Word embedding models: A very short introduction

Word embedding models may be old news for computer scientists in the field of machine learning, but the excitement they are generating among digital humanities scholar is still quite effervescent. Formally published research by literary scholars on the topic is, however, still comparatively thin on the ground, though I’ve tried to do my bit towards rectifying that in an article in a Modernism/Modernity Print Plus cluster which explores various ways that word embeddings can be used with periodicals. In the meantime, though, I find myself increasingly in need of a brief and non-mystificatory introduction to the concept to which I can direct literary researchers and other humanities folks, so I’m parking one here.

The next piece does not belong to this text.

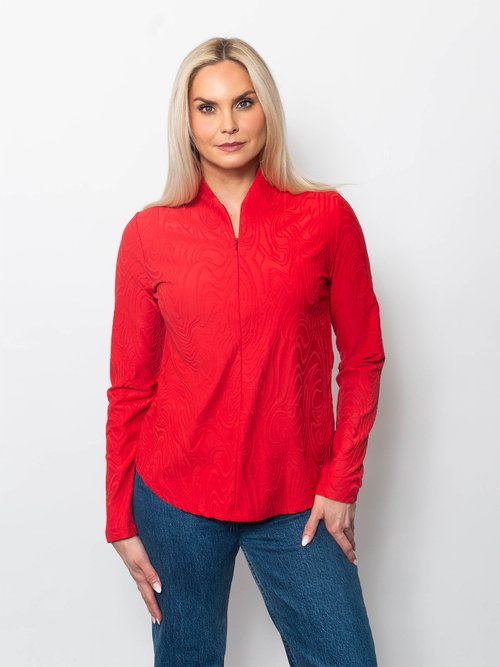 Swirl Jacquard Concealed Quarter Zip Neck Top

To understand a word embedding model, you can begin by thinking of it as a mathematical construct which translates the relationship between every word in a corpus and every single other word in that corpus into a set of numbers (for the linguists, we are talking types rather than tokens). You can then do calculations with these numbers which tell you, to a high degree of precision, about the relationships between these words. The mathematical construct is conceptualized in multidimensional space, and the relations between words exist as vectors, producing what is known as a vector space model. Such models represent each word as, in Katrin Erk’s phrase, “a point in high-dimensional space, where each dimension stands for a context item, and a word’s coordinates represent its context counts”. This high-dimensional space is normally reduced down from some tens of thousands of dimensions to a few hundreds, so that calculating the proximity of words won’t slow your laptop down to a crawl.

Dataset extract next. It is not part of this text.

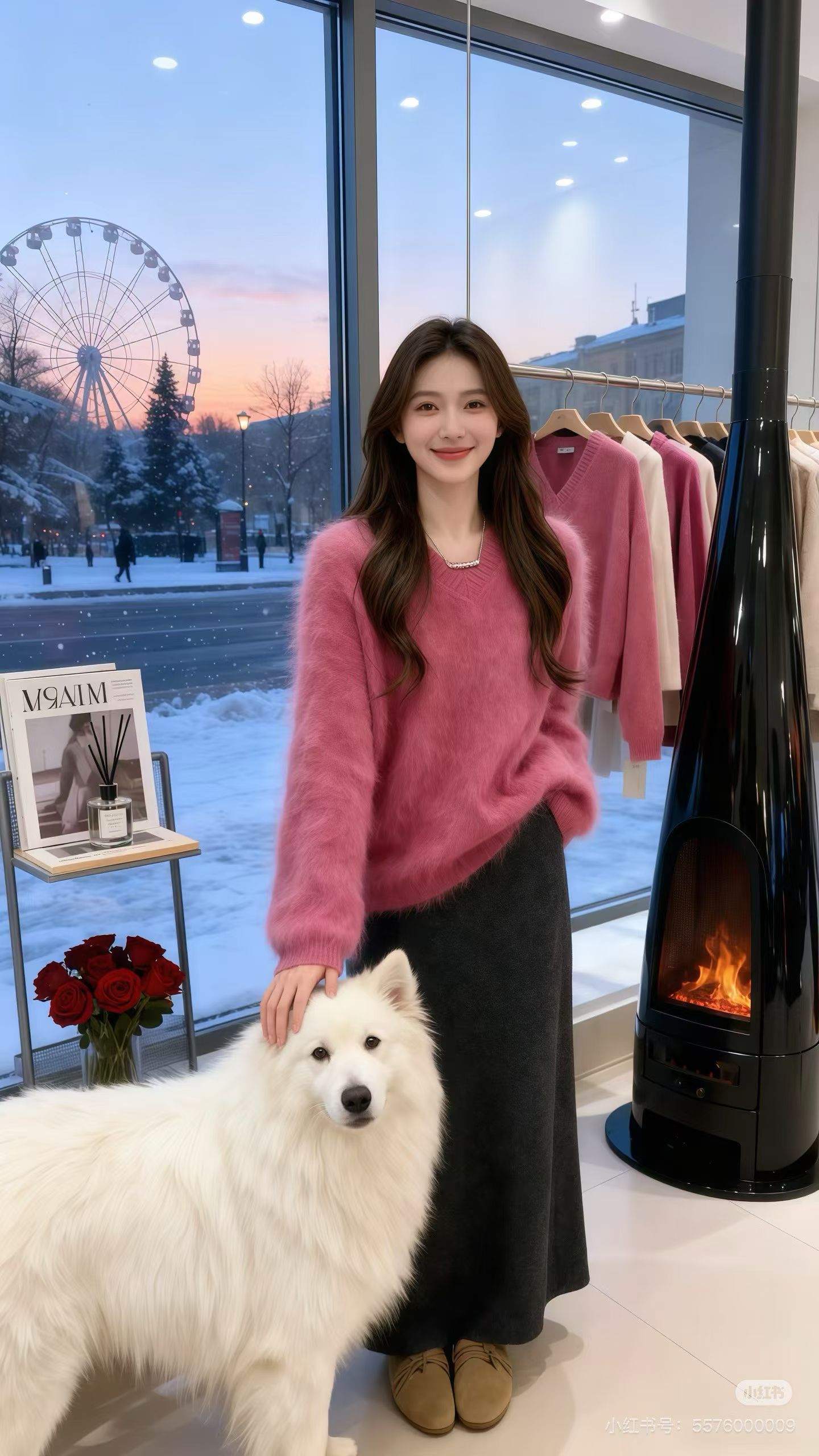 温柔玫粉色V领拉毛毛衣女2025宽松显瘦上衣 气质内搭外穿针织衫潮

If you want to represent these relationships between words on the page or the screen, the model’s dimensionality needs to be reduced still further to two or three dimensions using techniques for dimensionality reduction such as t-SNE (t-distributed stochastic neighbor embedding), as shown below.


Plot showing a vector space model trained on the digitized text of the twentieth-century Canadian periodical The Western Home Monthly reduced down to two dimensions using tSNE.


The basic premise of such a visualization is this: if words appear in spatial proximity to other words in these reduced-dimensionality representations, this means that they occur in the corpus in similar contexts, ie. near the same sorts of words. In the plot above, you will notice a collection of common verbs clustering together at the bottom of the plot in the middle (was had thought were are told knew saw came looked went), some gendered terms towards the top right (girl boy man woman women girls himself him he), and at the top left, a collection of numbers and letters that suggest OCR errors or artefacts of digitization (so in this case it is identifying not a semantic resemblance, but another kind of resemblance – an error). The important thing to understand is that there is no semantic work going on behind the scenes, nothing telling the model that woman and women are the singular and plural forms of the same noun: the model puts these words into a spatial arrangement based only on how often and to what extent they appear near similar words.


To understand why spatial proximity in a vector space model is relevant, it’s helpful to understand a concept which is likely to appear curiously reductive to those trained in textual analysis: that words which are close together will tend to be similar in their meanings. Within linguistics this is known as the distributional hypothesis, and can also be expressed as “words which are similar in meaning occur in similar contexts” (Rubenstein and Goodenough 1965). In pursuit of these similar meanings—and what they may tell us about individual words—word embedding models capture the full set of an individual word’s contexts, ie. all the co-occurrences of that word with all the other words in the corpus. In mathematical language, this is termed the distribution of that word’s contexts. This distribution is represented as a vector, a mathematical entity which can be understood as a (usually very long) list of numbers, which are the set of co-ordinates specifying where the vector (ie. the individual word understood in terms of all the words that co-occur in proximity to it) is located in multidimensional space.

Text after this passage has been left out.